I get to post early due to the long weekend! Hooray! Anyone who comments between now and 7:00pm CST on Friday, July 3 (except Jacob, Cheri, Prairie Princess, and Cousin Sarah, who are ineligible) is eligible to win a $15 Gift Card to Amazon.com! This week’s topic: What should we name our forthcoming baby boy? We think we have it, but it doesn’t hurt to keep our options open! Comment as much as you want about anything else, too! Multiple comments encouraged! I would really like to hear what everyone thinks about the songs and the list so far! Anything you like? Anything you can’t stand? Questions about anything? Tell your friends! The more comments the more fun everyone has! Also, if you like a song and want to hear more from that artist, I will post some extra songs when we announce the winner!
I just got the new Wilco album Wednesday. Five songs into it and it’s looking like the best one since Yankee Hotel Foxtrot? Great job! Wilco! Wilco! Wilco will love you baby!
This week’s list is a beast! They should will all be this good to the end.
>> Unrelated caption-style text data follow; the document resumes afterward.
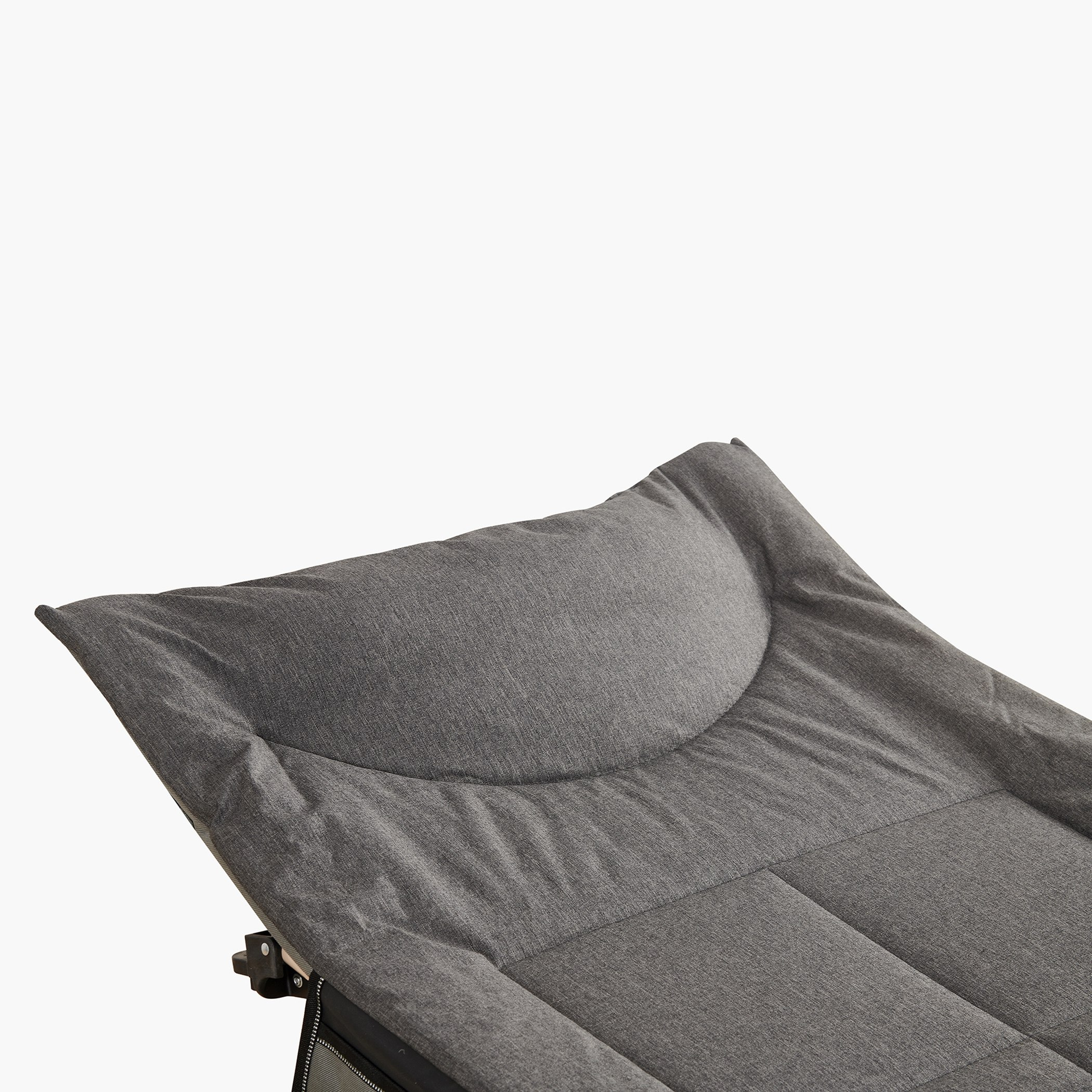 Vera Fern Folding Camping Guest Bed - 70x190 cm-PROMO_HB_KSA_HBX10_190925-image-7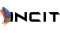 INCIT logo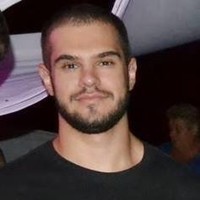Gustavo Cansian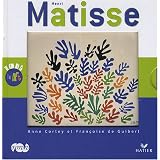 Détails sur le produit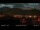 Webcam in Varone, 3.5 mi away
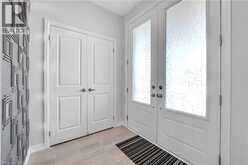 13 STEADMAN Street | Cambridge Ontario | Slide Image Five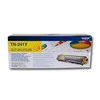BROTHER TN-241Y TONER Geltonas 1400P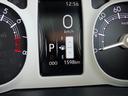 ４ＷＤ　純正７インチナビ　バックカメラ　スマアシ　両側パワースライドドア　シートヒーター　ＬＥＤヘッドライト　ＬＥＤフォグライト　キーフリー（石川県）の中古車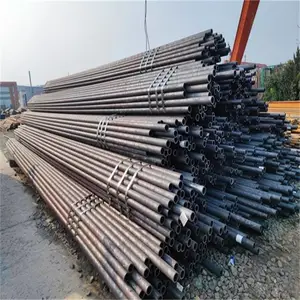 20#�����޷�ֹ�,95*5�ֹ�,���ܽ�������ֹ�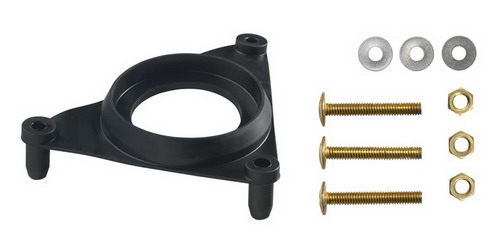 Kohler GP51487; ; tank gasket; in Unfinish ; ;   Replaces 51487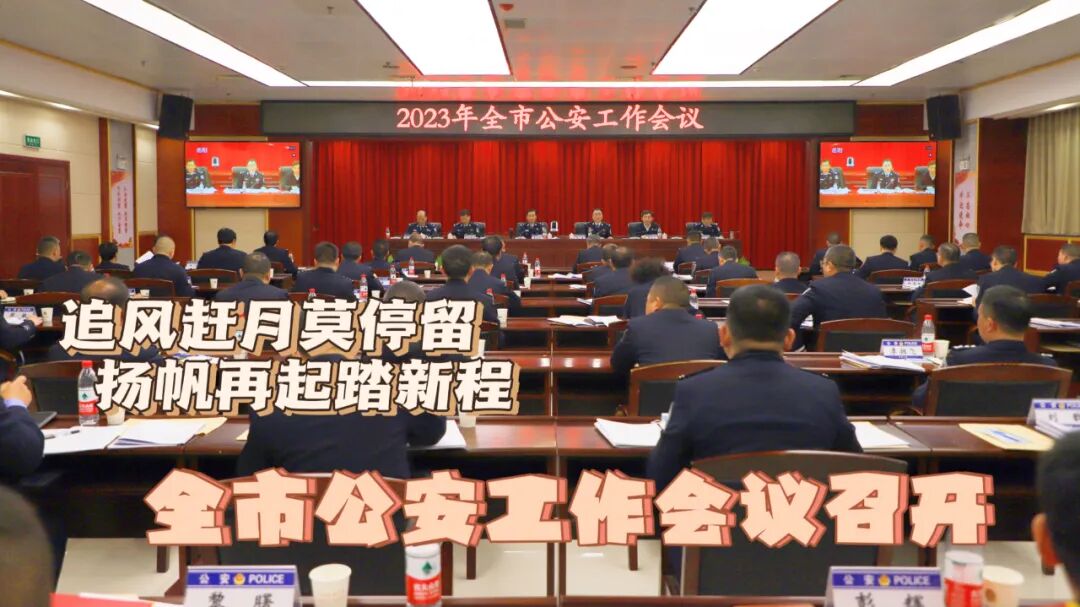 潸然泪下！两代“护林人”的坚守-小辉娱乐网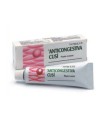 Bexident anticaries colutorio 500ml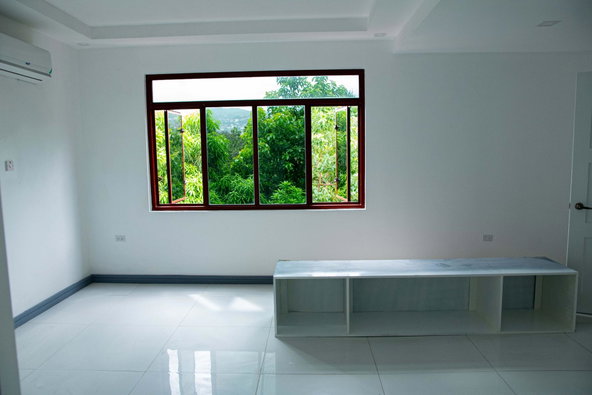 Seventh image of Unit 4-16 Lawrence Avenue in Kingston 8, St. Andrew, Jamaica - property is For Sale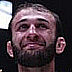 Murad Magomedov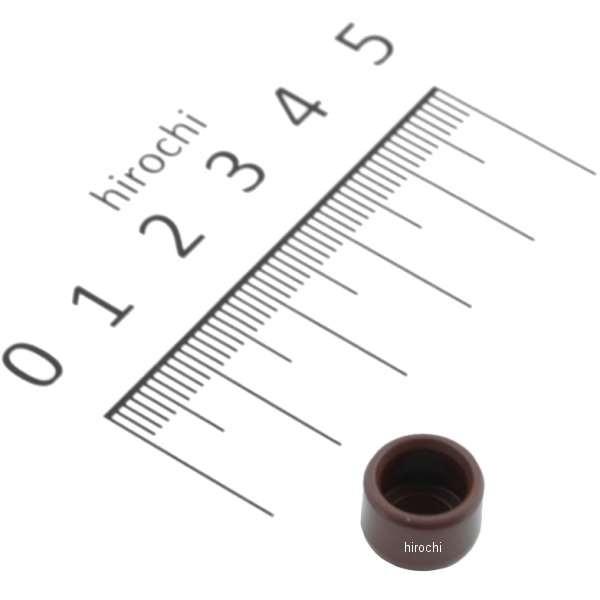 即納】 09289-05008 スズキ純正 オイルシール 5X10.5X8.4 JP店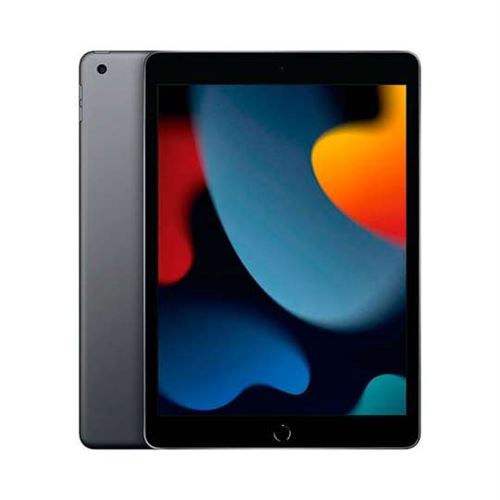 Tablette Apple iPad 10 10.2'' 256 Go Gris État correct - 358,01 € Tablette Apple iPad 10 10.2'' 256 Go Gris État correct N/A reconditionné disponible sur Fnac
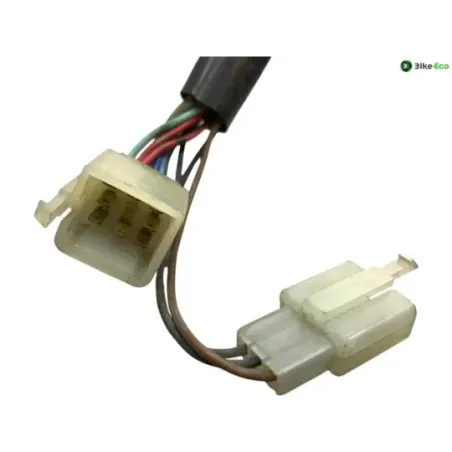 Compteur KAWASAKI ZZR 1100 1990-1992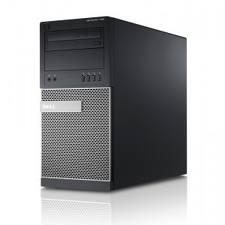 Sistem Dell Optiplex 790 MT Intel i7-2600 4GB 500GB DOS 272145117 - Pret | Preturi Sistem Dell Optiplex 790 MT Intel i7-2600 4GB 500GB DOS 272145117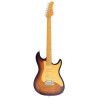 GUIT ELECTR S7 NEW GEN 3TS (M)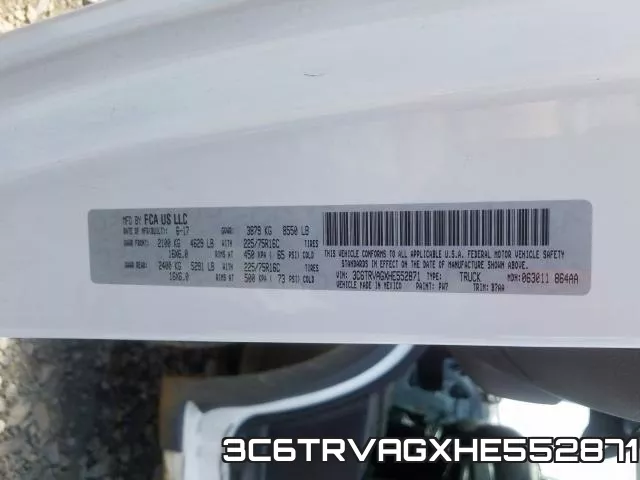 3C6TRVAGXHE552871_10.webp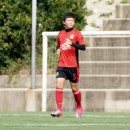 대현중학교 이미지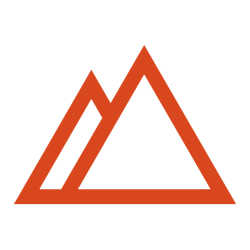 Devslopes's logo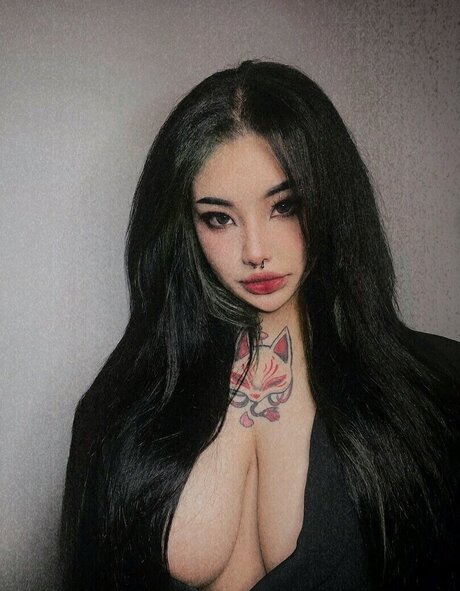 Sobaroll beautiful actress gallery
070 – “Bruce Wayne Campbell Interviewed On The Roof Of The Chelsea Hotel, 1979” by Okkervil River. Last fall, Jessie, myself, sis-in-law Emily and her boyfriend Adrian, my cousin Aaron and his wife Amy, and my cousin Melissa and her boyfriend Travis all went to Omaha to see Okkervil River. I had a wish list of four songs that I wanted to hear them play. This is the only one (the other three are coming up later) that wasn’t played that night. The show was still unbelievable. This song is the story of Bruce Wayne Campbell, also known as Jobriath, who was a heavily promoted glam rock star in the 70’s that never really went anywhere. He died of AIDS, broke, in 1983. This song isn’t depressing, though. It’s a cool end to my 2008 Album Of The Year, The Stand Ins, I really like the when the vocal melody and the music sync up (“Let it di-i-i-i-ie…”, etc.) I also like the Spanish sounding horns and mandolin. There’s also just a bit of pedal steel guitar at the very end. Okkervil River sort of has a thing for dead quasi-celebrities: John Allyn Smith, Jobriath, Shannon Wilsey (don’t Google her name, please. She was an adult actress. I’ll explain later.) Warning: one ¡¡F-BOMBS!! More Okkervil River coming up.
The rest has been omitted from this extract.